Yeah, some of the questions will require some introspection to really help extract your "true" type.

It's not actually finished yet.
Hoping to add a fair bit more soon.
Still don't want to create a half hour quiz though, haha.


----------



## psychologic (Oct 16, 2014)

First, bless you for making a super short quiz that actually holds my attention lol. One downside to having 8 options is it can be hard to make a decision, leading to noticing oneself in multiple options as evidenced in this thread. I like the idea behind it, the conciseness of the test itself is a godsend. Perhaps you could split the decision into first N/S, then F/T, 4 options per page, then add a third page to decide between the two you picked, e.g. you select inferior Ne and inferior Ti, and then on the third page you have to decide which of the two you relate more to, though that comes with its own issues. There are a lot of options in regard to the excess of choices if you choose to address it. 
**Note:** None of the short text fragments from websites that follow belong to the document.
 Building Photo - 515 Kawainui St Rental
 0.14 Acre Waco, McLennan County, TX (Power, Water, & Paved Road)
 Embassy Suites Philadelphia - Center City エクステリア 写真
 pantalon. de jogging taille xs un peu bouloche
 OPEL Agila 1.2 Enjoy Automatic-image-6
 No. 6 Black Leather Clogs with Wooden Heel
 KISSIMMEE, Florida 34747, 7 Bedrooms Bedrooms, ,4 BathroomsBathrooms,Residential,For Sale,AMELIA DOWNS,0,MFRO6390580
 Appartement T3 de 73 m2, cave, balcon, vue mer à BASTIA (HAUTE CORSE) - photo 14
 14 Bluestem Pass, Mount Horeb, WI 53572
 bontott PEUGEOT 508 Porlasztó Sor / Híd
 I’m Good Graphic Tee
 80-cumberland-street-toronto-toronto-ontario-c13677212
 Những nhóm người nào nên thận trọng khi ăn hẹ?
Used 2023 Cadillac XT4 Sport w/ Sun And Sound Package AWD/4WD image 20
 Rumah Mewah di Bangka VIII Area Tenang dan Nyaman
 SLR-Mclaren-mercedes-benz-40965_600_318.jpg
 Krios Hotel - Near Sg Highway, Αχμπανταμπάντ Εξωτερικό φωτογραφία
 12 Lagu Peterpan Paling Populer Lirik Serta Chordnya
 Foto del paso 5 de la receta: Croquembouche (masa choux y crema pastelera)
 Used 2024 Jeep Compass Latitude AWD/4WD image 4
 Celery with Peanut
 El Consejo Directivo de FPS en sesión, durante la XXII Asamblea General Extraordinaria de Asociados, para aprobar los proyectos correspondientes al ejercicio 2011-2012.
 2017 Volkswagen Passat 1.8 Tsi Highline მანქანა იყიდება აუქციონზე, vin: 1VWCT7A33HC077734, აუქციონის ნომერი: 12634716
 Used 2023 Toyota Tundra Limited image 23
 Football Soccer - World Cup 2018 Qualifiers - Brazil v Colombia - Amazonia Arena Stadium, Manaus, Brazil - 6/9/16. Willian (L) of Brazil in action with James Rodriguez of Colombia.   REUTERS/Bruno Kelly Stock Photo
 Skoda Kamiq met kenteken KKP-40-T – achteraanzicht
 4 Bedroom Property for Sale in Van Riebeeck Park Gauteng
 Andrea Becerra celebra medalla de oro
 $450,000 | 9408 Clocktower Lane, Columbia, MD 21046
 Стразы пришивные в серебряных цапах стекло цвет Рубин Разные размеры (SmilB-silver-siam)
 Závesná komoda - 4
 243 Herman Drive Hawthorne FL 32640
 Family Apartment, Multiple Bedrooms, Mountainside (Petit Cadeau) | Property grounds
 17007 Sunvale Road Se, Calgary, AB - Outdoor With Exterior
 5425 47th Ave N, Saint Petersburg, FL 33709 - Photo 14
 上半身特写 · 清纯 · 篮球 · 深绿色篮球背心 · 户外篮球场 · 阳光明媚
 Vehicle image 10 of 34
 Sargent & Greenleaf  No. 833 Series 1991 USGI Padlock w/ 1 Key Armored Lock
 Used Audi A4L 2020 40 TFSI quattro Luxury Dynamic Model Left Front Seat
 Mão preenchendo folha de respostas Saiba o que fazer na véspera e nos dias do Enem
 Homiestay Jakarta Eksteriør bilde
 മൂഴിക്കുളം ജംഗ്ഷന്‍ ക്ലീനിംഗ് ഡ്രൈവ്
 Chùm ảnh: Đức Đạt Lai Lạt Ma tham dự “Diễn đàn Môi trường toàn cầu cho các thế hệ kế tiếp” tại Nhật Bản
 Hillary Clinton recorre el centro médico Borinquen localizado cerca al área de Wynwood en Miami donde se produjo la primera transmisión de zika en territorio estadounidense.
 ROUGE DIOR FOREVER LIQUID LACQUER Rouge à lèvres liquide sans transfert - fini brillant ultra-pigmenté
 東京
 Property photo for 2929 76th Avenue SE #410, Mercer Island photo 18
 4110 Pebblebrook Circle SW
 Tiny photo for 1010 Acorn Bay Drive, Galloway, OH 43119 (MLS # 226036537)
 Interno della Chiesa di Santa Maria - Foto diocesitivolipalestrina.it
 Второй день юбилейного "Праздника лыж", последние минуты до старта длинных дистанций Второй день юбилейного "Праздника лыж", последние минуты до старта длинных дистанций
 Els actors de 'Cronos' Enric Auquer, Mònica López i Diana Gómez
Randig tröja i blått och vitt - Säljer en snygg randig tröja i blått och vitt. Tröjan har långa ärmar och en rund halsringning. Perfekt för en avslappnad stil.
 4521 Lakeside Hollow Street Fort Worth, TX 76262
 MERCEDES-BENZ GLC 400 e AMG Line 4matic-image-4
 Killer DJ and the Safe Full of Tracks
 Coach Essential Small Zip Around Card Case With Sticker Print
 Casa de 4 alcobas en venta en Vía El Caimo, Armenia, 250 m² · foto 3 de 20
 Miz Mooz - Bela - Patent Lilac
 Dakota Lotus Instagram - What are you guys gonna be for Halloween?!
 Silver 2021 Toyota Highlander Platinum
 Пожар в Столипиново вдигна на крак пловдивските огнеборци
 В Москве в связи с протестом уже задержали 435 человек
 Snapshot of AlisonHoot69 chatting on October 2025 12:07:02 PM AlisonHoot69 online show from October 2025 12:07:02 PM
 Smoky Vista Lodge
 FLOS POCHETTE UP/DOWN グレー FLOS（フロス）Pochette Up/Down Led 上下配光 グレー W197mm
I read through all the options and narrowed them down to 3 or 4 that stuck out. The first result I got was ISTJ, not realizing I’d picked inferior Ne, which was cool. I read through the inf Ne option again and realized, wait, I don’t do any of this lmao... the impulsive spending is what stuck out to me, but I do that shit regularly with no regrets LOL

The other options I ended up with were INTJ, ENTP, and IxFP. With inf Si, the second options weren’t exactly mutually exclusive. There was overlap. Though I do understand that it is the big picture of each option that should be paid attention to, it was difficult to separate the Fi and Ti descriptions because of direct similarities. Maybe that’s intentional. Are the descriptions supposed to incorporate interaction with Ne?

In regard to inf Fe, is that really what they’re like under stress? For one thing it doesn’t sound that debilitating. More accurate to what I’ve read is that IxTPs can have uncharacteristically emotional outbursts that are scary and uncontrollable. I’m having a hard time seeing how being more sociable equates to being stressed lol, but perhaps if it is seen as a distraction to developing their framework, or they’re more sociable but they suck at it, or... something. 

Out of curiosity, is “stressed” intended to be different from “unhealthy”, assuming stress is more situational and lack of health is ongoing, in a sense?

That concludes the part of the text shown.